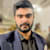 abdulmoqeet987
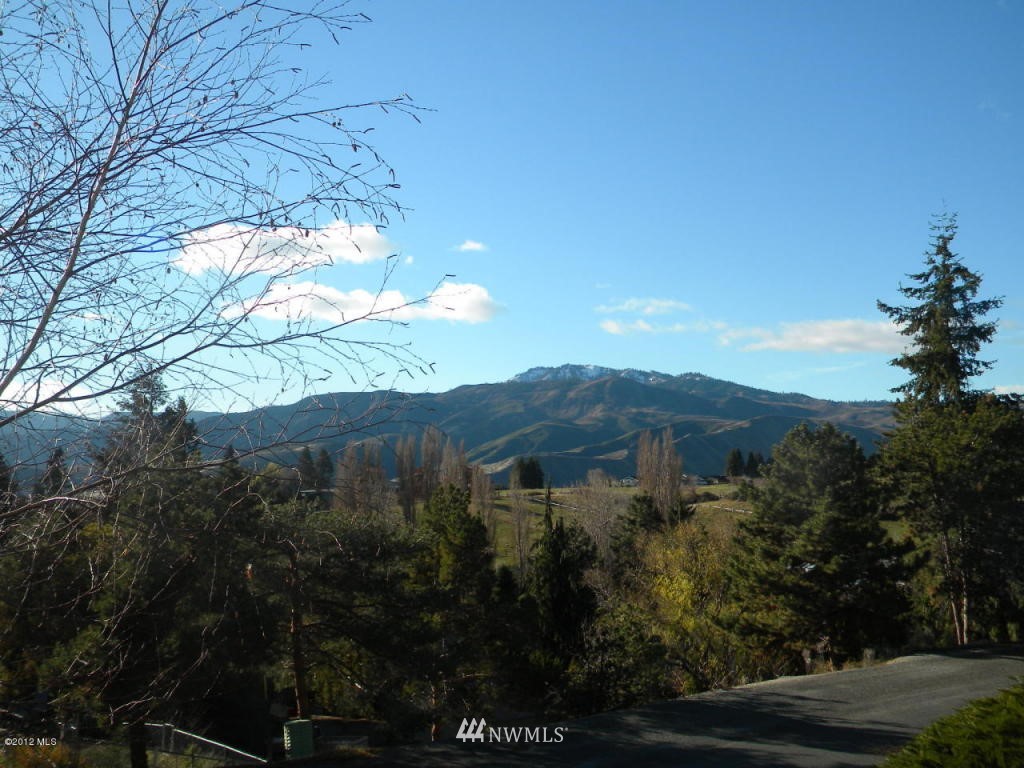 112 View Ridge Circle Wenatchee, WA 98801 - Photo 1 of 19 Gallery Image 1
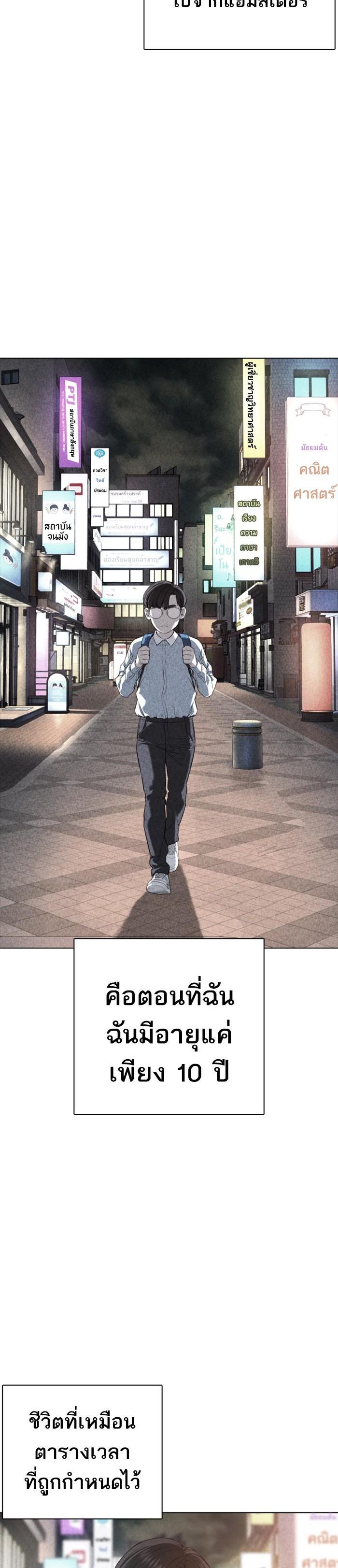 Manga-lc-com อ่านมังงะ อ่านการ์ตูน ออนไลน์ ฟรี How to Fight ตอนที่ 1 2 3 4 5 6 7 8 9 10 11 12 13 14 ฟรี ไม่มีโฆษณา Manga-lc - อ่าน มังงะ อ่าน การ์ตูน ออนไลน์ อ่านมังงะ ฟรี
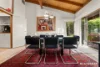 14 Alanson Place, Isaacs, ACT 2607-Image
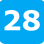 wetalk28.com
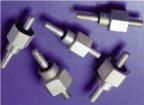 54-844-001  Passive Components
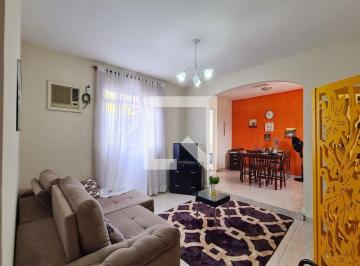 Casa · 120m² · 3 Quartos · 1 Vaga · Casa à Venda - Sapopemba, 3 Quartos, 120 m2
==
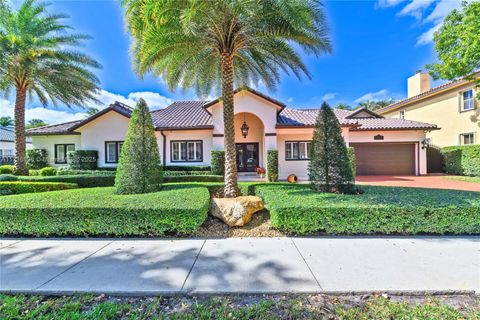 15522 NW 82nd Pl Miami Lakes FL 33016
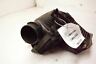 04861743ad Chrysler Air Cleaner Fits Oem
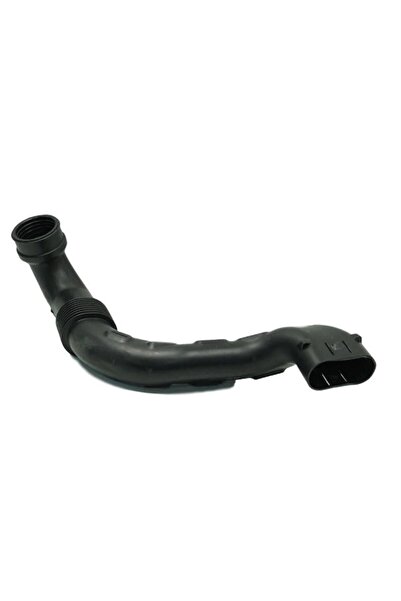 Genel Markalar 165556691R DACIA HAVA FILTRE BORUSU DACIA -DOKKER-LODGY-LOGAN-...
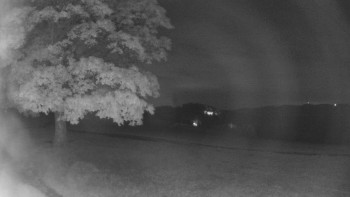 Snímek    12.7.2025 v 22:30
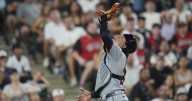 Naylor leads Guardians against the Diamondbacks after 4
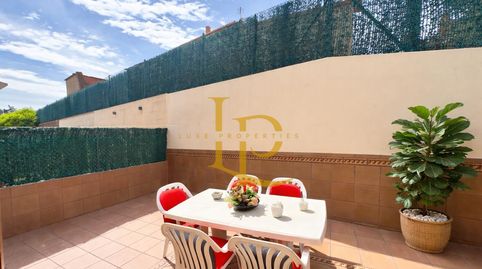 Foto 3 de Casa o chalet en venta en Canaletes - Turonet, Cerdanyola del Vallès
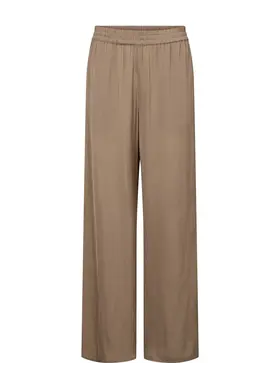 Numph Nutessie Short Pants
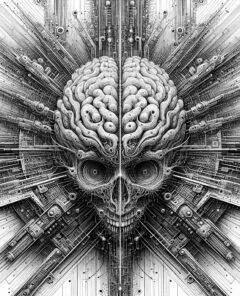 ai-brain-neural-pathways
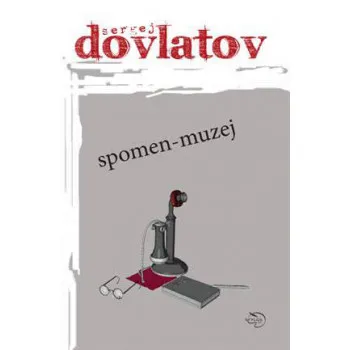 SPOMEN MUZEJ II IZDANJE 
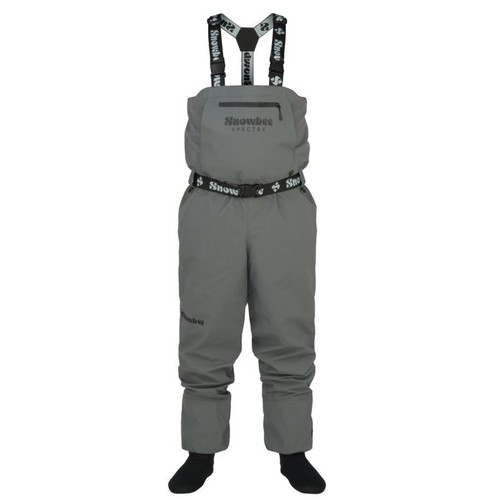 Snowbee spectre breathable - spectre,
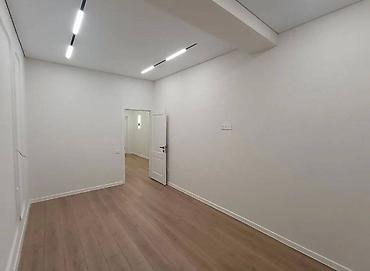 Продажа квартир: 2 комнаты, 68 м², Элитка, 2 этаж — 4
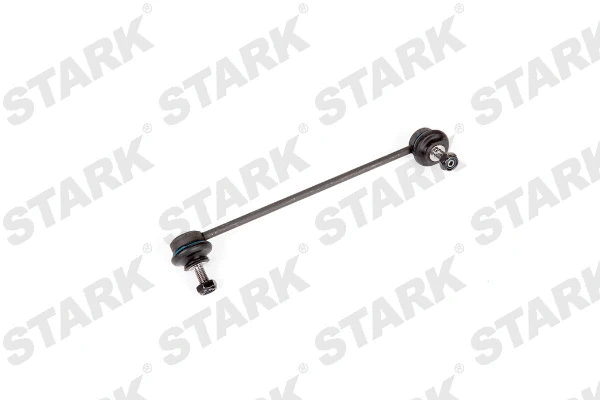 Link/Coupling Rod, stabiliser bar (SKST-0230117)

WHAT THE TASK REQUIRES: Exact copy, pictures excluded: from the line with "abdulmoqeet987" up to and including the line with "Casa · 120m²" in the data above.

ANSWER FOR THIS EXERCISE:
 abdulmoqeet987
 112 View Ridge Circle Wenatchee, WA 98801 - Photo 1 of 19 Gallery Image 1
 Manga-lc-com อ่านมังงะ อ่านการ์ตูน ออนไลน์ ฟรี How to Fight ตอนที่ 1 2 3 4 5 6 7 8 9 10 11 12 13 14 ฟรี ไม่มีโฆษณา Manga-lc - อ่าน มังงะ อ่าน การ์ตูน ออนไลน์ อ่านมังงะ ฟรี
 14 Alanson Place, Isaacs, ACT 2607-Image
 wetalk28.com
 54-844-001  Passive Components
 Casa · 120m² · 3 Quartos · 1 Vaga · Casa à Venda - Sapopemba, 3 Quartos, 120 m2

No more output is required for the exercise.